[GIVEN INFORMATION]
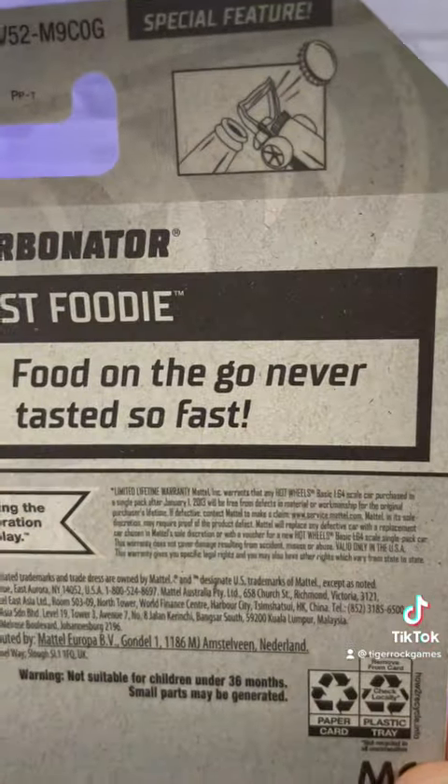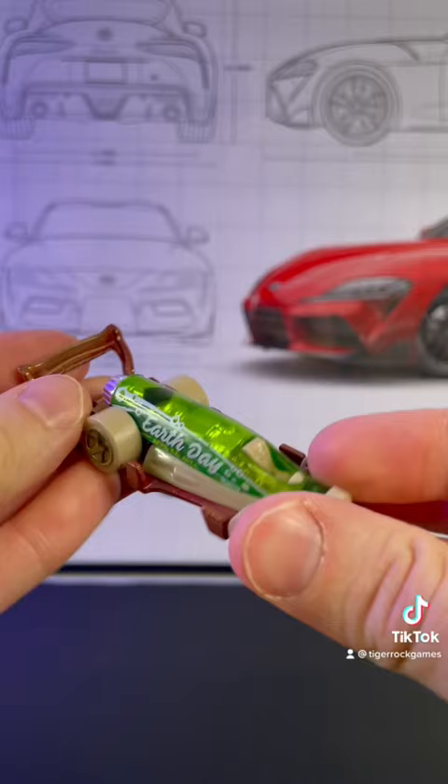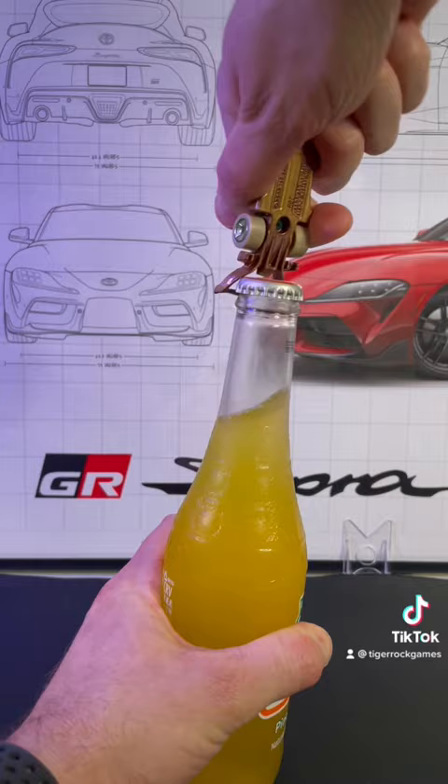If you look close enough you can see that some Hot Wheels are special — like this one, the Carbonator. It's actually a bottle opener. From the picture it looks like the bottle top just comes flying off. Let's test it out. It's definitely a unique design. I never tried this flavor, and I wanted something that wasn't a twist-off.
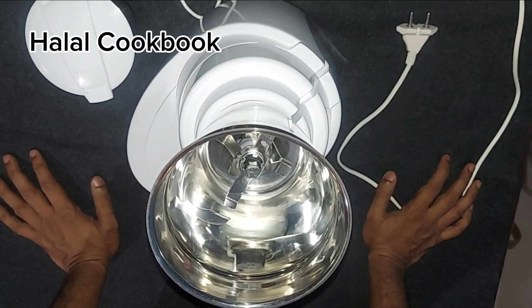Philips said that the mixer and grinder will work well in this grinder. Please comment below. Thank you so much for joining us today.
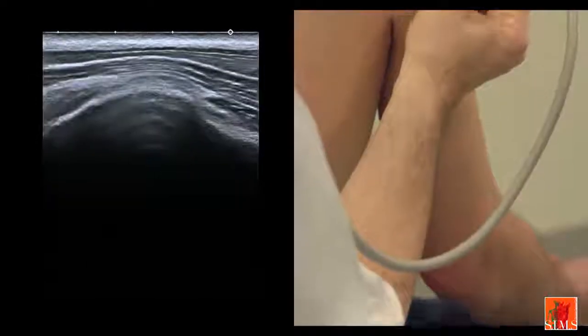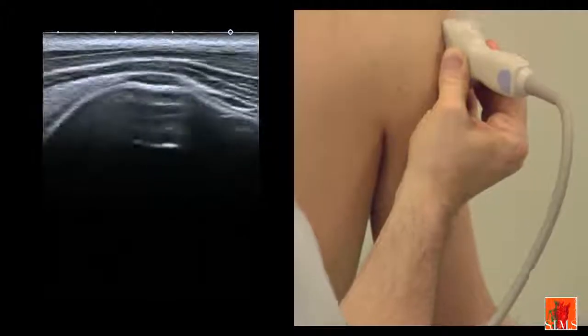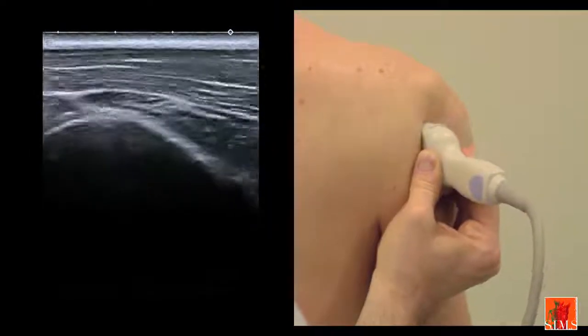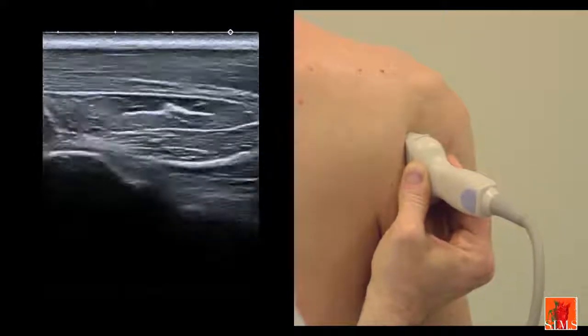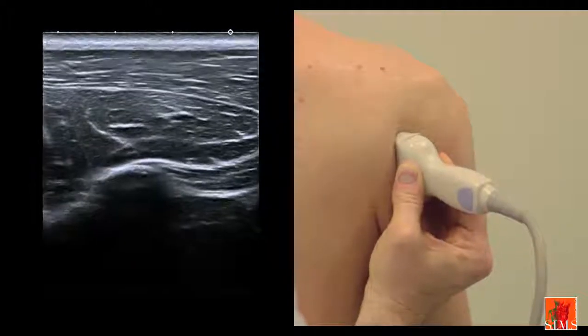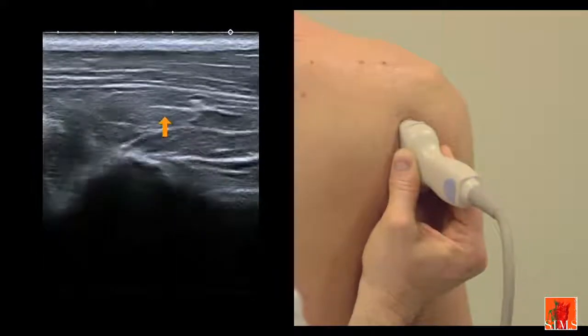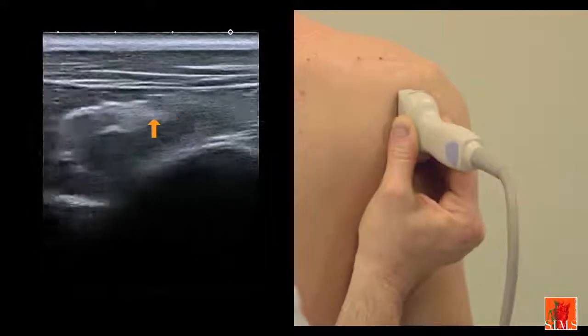We continue the exploration of the teres minor by moving the transducer, starting from our sagittal image of reference. In this favourable case, you can see that the subject shows a perfectly identifiable intramuscular aponeurosis, which can be easily differentiated from the overlying infraspinatus.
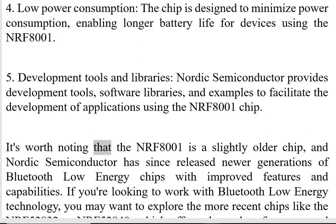It's worth noting that the NRF8001 is a slightly older chip, and Nordic Semiconductor has since released newer generations of Bluetooth Low Energy chips with improved features and capabilities. If you are looking to work with Bluetooth Low Energy technology, you may want to explore the more recent chips like the NRF52832 or NRF52840, which offer enhanced performance and additional features.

[ASSIGNED TASK]
Leave the pictures out. Output exactly, and only, the lines from the one with "We continue the" through the last line of the listing above, both included.

[EXPECTED OUTPUT]
We continue the exploration of the teres minor by moving the transducer, starting from our sagittal image of reference. In this favourable case, you can see that the subject shows a perfectly identifiable intramuscular aponeurosis, which can be easily differentiated from the overlying infraspinatus.
It's worth noting that the NRF8001 is a slightly older chip, and Nordic Semiconductor has since released newer generations of Bluetooth Low Energy chips with improved features and capabilities. If you are looking to work with Bluetooth Low Energy technology, you may want to explore the more recent chips like the NRF52832 or NRF52840, which offer enhanced performance and additional features.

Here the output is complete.